In the primary election for governor, Utah Republicans have a choice between an incumbent who has been blatantly selling access in exchange for checks and a challenger whose campaign has been funded mostly with cash from himself and a controversial business partner.

Neither of them is bothering to portray himself as responsive to people who aren't lobbyists, donors or wealthy pals. They just don't want to get left behind in the moneyball game.

Gov. Gary Herbert is trying to explain away the "bad optics" of reports, later confirmed by a recording provided to The Salt Lake Tribune, that he basically offered a roomful of the state's top lobbyists 20 minutes of private, one-on-one face-time in return for a large donation delivered on the spot.

Herbert was so eager to set up such meetings that he gave himself the "Available Jones" nickname, derived from a Li'l Abner comic strip character who was willing to do anything for the right price.

It would have been better for Herbert to have read Pogo, whose possum protagonist famously stated, "We have met the enemy, and he is us."

The governor's defense is that running a statewide primary race is expensive and that, as a man of comparatively modest means, he needs a lot of help to keep up with the personal wealth of his rival, Jonathan Johnson.
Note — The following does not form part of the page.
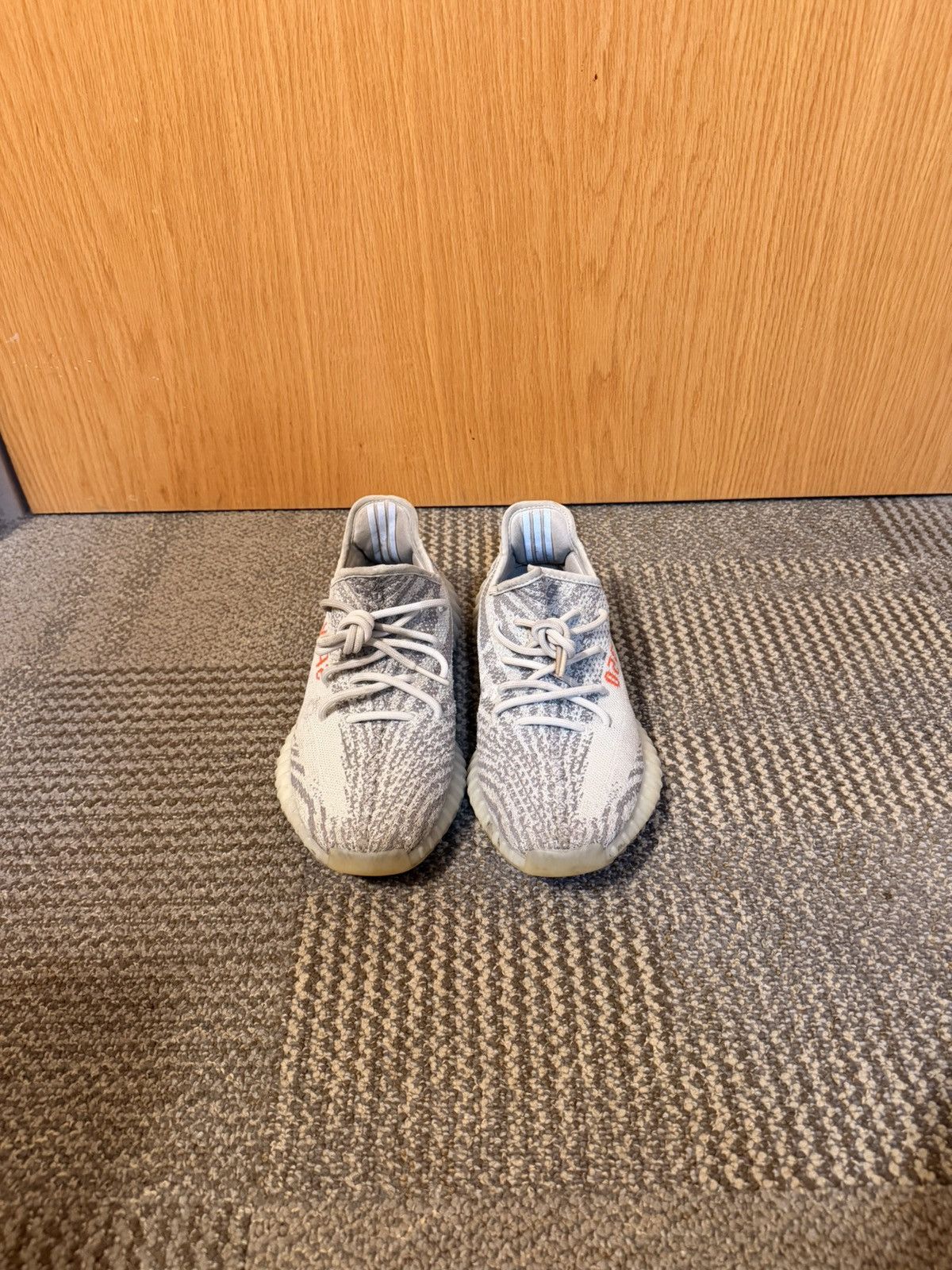 Yeezy Yeezy 350 Blue tint Size US 9 / EU 42 - 1 Thumbnail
Despite complaints filed by Johnson allies, there seems to be nothing illegal about Herbert's methods. In Utah, just about any contribution from any source is legal as long as it is publicly registered in the proper time and manner.

Herbert wasn't selling, as far as anyone can tell, jobs, contracts, signatures or vetoes. Just access, which is what all large donors expect for the largesse they ladle on candidates.

Unless you are a candidate like Johnson, who is getting much of his money from fellow Overstock.com executive Patrick Byrne. Byrne is known as an aggressive libertarian, a big-time backer of taxpayer-funded school vouchers and, presumably, already has all the access he could want to a Johnson administration.

Meanwhile, the only Democrat still in the race for governor, Michael Weinholtz, has pledged to refuse corporate and lobbyist money and to meet with any voter, not just those bearing donations.

As another millionaire able to float his own campaign, Weinholtz (Daddy Warbucks?) might not be the best avatar of campaign funding reform. As a Democrat in a Republican state, his proposals might not really matter much.

But unless the voters find some way to stand up and object in the only way politicians can hear them — at the ballot box — there's no chance any of this will change.